▶ What this task involves
Lines from the line with "Grand Canyon Roll" to the line with "2일 김동연 경기도지사의" in the entries below, and only those, must be output exactly, with both ends included.
Information section start
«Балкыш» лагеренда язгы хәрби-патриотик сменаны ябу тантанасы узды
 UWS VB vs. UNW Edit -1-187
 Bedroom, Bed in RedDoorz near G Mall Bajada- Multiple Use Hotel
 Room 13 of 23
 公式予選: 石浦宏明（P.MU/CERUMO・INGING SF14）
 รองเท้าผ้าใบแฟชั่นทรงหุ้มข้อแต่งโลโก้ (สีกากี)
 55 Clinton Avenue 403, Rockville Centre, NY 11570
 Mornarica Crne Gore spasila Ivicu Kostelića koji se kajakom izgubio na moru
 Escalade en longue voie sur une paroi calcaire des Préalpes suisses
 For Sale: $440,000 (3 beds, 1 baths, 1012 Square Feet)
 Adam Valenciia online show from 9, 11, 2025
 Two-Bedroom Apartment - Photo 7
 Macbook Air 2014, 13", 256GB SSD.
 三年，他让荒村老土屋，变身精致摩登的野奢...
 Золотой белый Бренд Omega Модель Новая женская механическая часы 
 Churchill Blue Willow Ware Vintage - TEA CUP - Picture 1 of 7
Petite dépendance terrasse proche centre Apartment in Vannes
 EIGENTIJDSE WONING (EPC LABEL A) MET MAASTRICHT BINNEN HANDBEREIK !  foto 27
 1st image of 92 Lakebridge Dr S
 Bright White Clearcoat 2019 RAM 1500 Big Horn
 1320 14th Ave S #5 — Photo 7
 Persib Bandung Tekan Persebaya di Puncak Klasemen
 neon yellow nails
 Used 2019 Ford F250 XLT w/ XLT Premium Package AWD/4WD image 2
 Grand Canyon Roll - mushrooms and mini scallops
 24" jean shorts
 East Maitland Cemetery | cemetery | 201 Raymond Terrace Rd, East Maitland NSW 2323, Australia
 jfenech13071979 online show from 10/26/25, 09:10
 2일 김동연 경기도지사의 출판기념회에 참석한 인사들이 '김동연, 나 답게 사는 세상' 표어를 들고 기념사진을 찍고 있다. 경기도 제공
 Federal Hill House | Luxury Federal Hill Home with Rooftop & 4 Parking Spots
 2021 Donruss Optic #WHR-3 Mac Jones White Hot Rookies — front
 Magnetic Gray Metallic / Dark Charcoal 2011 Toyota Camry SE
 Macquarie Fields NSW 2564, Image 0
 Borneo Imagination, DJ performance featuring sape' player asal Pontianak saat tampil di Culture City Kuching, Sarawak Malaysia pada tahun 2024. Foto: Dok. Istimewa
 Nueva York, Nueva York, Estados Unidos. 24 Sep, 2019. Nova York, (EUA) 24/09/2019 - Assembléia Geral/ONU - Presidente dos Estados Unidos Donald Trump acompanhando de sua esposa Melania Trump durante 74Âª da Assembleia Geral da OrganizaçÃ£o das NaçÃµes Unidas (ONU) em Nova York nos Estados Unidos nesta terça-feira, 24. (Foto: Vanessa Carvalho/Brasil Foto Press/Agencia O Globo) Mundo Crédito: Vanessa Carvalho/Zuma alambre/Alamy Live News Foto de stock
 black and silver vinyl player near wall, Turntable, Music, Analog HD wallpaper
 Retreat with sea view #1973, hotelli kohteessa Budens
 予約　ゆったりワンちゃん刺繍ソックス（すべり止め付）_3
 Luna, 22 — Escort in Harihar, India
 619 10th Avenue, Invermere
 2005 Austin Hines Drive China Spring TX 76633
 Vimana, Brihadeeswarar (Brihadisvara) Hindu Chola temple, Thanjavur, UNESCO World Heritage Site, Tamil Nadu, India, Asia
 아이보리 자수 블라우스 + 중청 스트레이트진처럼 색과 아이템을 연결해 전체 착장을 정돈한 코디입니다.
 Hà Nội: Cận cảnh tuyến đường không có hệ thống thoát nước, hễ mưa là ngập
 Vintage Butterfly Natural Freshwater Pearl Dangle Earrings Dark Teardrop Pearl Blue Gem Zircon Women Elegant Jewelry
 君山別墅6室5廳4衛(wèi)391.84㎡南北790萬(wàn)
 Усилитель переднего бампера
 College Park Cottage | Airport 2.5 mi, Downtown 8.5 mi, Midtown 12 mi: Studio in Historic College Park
Information section end
▶ Output for this task
 Grand Canyon Roll - mushrooms and mini scallops
 24" jean shorts
 East Maitland Cemetery | cemetery | 201 Raymond Terrace Rd, East Maitland NSW 2323, Australia
 jfenech13071979 online show from 10/26/25, 09:10
 2일 김동연 경기도지사의 출판기념회에 참석한 인사들이 '김동연, 나 답게 사는 세상' 표어를 들고 기념사진을 찍고 있다. 경기도 제공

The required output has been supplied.